Planète Foot 260 – Déc. 2017

C’est le paradoxe de la situation. Ces boules qui seraient plus ou moins chaudes donnent toujours des sueurs froides, à leur glacer le dos, aux témoins de l’assistance, concernés au premier chef mais impuissants à changer le cours d’une histoire qu’ils aimeraient pourtant tellement écrire selon le scénario idéal qu’ils ont imaginé. Impossible. Alors, à mesure que l’heure du verdict ou de la sentence, c’est selon, approche, les sourires se crispent, les visages pâlissent, les têtes se vident ou se remplissent des idées les plus folles. Il était un peu plus de 16 heures HF, dans le très solennel et très imposant Kremlin de Moscou, en ce premier jour de décembre, quand les fameuses boules ont fini de voltiger pour atterrir dans les mains de quelques prestigieux glorieux anciens.

C’est pas le Pérou, assure une vieille expression française. Eh bien si, justement, c’est le Pérou qui est sorti du chapeau 2 pour rejoindre le groupe des Bleus de Didier Deschamps et c’était l’adversaire rêvé de toutes les têtes de série présentes en Russie, qui frémissaient bien davantage à l’idée de croiser l’Espagne, l’Angleterre, la Croatie, l’Uruguay ou encore la Colombie, toutes présentes dans ce fameux chapeau 2.

Coup de baguette magique. Sans doute l’effet de la fameuse bonne étoile qui semble accompagner, sans jamais l’abandonner, le sélectionneur français. Qui ne l’a pas un instant quitté ce jour-là, en proposant comme autres adversaires, les kangourous australiens qui ne sautent plus très haut et ont dû franchir deux barrages avant de toucher les côtes russes. Ou encore le Danemark, a priori le concurrent le plus consistant mais qui est également passé par un barrage.

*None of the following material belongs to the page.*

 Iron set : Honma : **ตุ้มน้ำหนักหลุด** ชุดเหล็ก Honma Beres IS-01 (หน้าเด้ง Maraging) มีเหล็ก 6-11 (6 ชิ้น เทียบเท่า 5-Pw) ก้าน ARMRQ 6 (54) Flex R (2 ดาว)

Bien sûr, dans un passé pas si lointain, face à des équipes à peine plus prestigieuses, les Français se sont pris des gadins retentissants dans ce premier tour de Coupe monde, mais l’heure n’est pas à jouer les oiseaux de mauvaises augures, ni à rappeler les trop cuisants souvenirs. C’est le Pérou et, les gars, allez chercher votre El Dorado ! Surtout qu’ensuite, en cas de qualification, la route va diablement s’élever dès les huitièmes de finale. Mais, ça, en principe, ils aiment les Bleus.